Dólares no lugar de bombas
Os países europeus questionam a supremacia do dólar como meio de pagamento internacional
Indignação na França pela multa multimilionária, nada menos que 6,6 bilhões de euros (cerca de 20 bilhões de reais), imposta pelo governo norte-americano ao banco francês BNP-Paribas por violar o regime de sanções fixado em 1997 ao regime sudanês em razão de seu apoio a Bin Laden e seu papel no genocídio de Darfur. O Governo francês, por intermédio do Ministro da Fazenda, Michael Sapin, declarou que esta multa é injusta e desproporcionada. Para Sapin e muitos outros na França, a multa obriga os europeus a questionarem a supremacia que o dólar desfruta como meio de pagamento internacional. Já chega, dizem, do abuso de poder que exercem os Estados Unidos mediante o dólar, que já o general De Gaulle definia como um “privilégio desmesurado”.
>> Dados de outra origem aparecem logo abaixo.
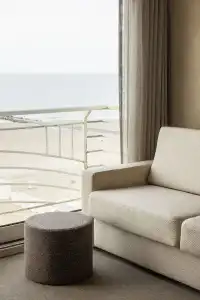 Beach Palace by CW Collection - 90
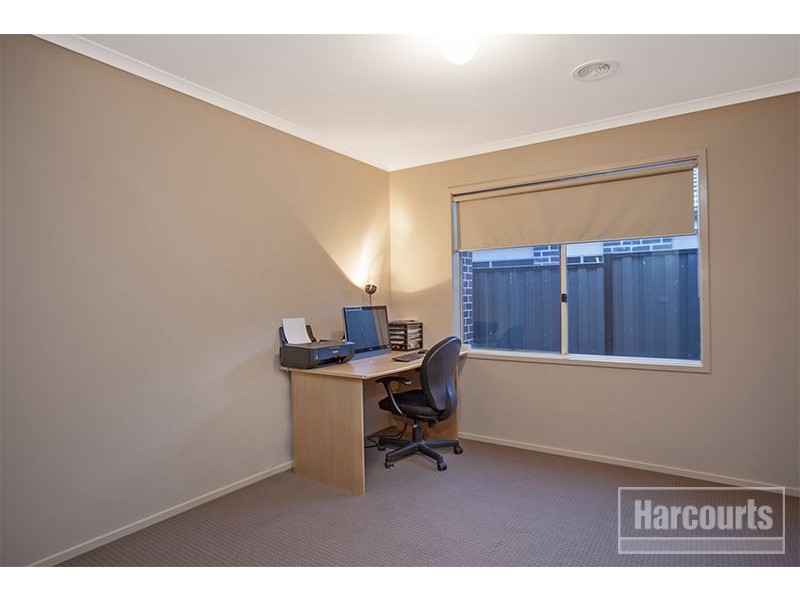 11 Lucerne Circuit, Pakenham VIC 3810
No que se refere à supremacia, não lhes falta razão: a economia norte-americana representa um quinto da economia global, mas 85% das transações de divisas são levadas a cabo em dólares e, por sua vez, o dólar significa 60% das reservas dos bancos centrais do mundo. Tampouco estão equivocados no absurdo dessa supremacia: muitíssimos bancos e empresas europeias continuam denominando as transações entre si em dólares em lugar de em euros. Também na questão da legalidade das sanções o BNP está certo: mesmo que fazer as transações internacionais do regime de um terrorista e genocida como Omar AL-Bashir seja repugnante do ponto de vista moral, se tais transações tivessem sido realizadas em euros, teriam sido plenamente legais, pois a União Europeia não apoiou as sanções.
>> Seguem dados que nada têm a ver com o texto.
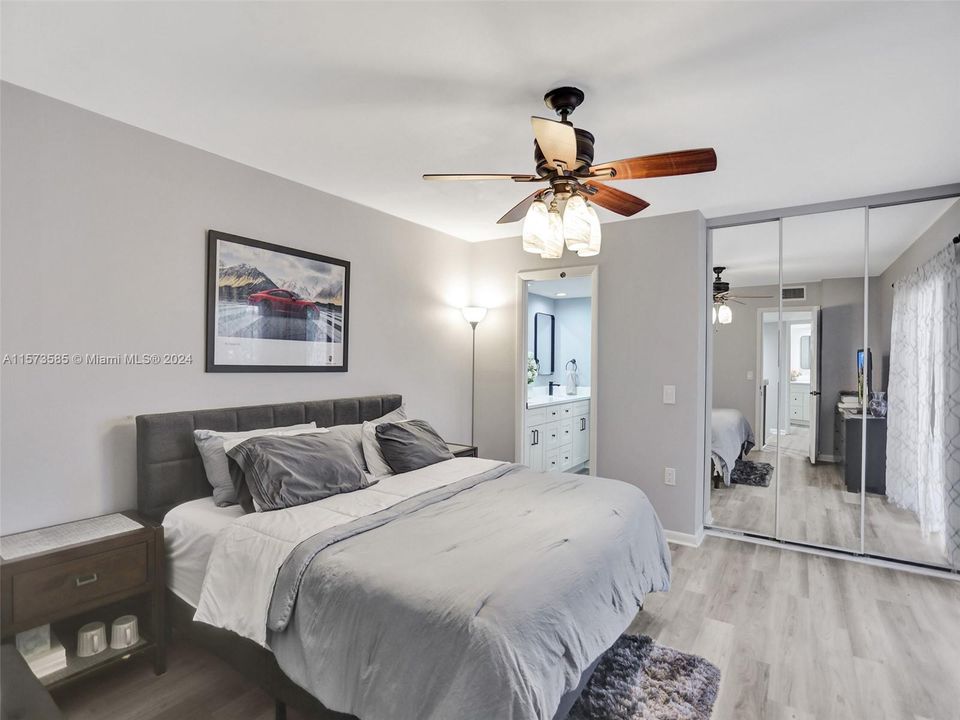 For Sale: $400,000 (2 beds, 2 baths, 1235 Square Feet)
À luz destas razões, parece evidente que um mundo com algo menos de unipolaridade monetária seria mais do que benvindo. Certo? Não está tão claro. Prestemos atenção nas discussões sobre paraísos fiscais e, em geral, sobre a opacidade do sistema bancário internacional. Durante décadas, essa opacidade não pareceu importar muito aos governos, nem sequer ao norte-americano. Em que pese o lugar-comum que descrevia os paraísos fiscais como ilhas tropicais de águas cristalinas, os mais importantes estavam em lugares tão anódinos como Delaware ou Zurique, mas também no coração da Europa, como Luxemburgo, Viena ou as ilhas do canal da Mancha. Aparentemente, enquanto os paraísos fiscais serviram para que empresas e indivíduos sonegassem impostos e lavassem dinheiro proveniente da corrupção, do crime organizado ou dos tráficos ilícitos, não houve muita urgência em acabar com eles. Daí que a conversa fiada proveniente das reuniões da OCDE ou do G 20 não fosse de grande valia. Mas desde que os Estados Unidos assumiram que esse canal financeiro paralelo era o que permitia a sobrevivência do terrorismo e de seus patronos e financiava o programa nuclear do Irã, Washington decidiu passar para a ofensiva e por fim à opacidade do sistema financeiro global. Sem a pressão dos Estados Unidos, vizinhos tão respeitáveis como Luxemburgo, Suíça ou Áustria, que durante décadas bloquearam qualquer avanço nesta matéria, ainda estariam resistindo a mudar sua legislação sobre transparência bancária. Paradoxo: o medo que governos e empresas sentem do Departamento do Tesouro norte-americano pode ser uma ferramenta de progresso global.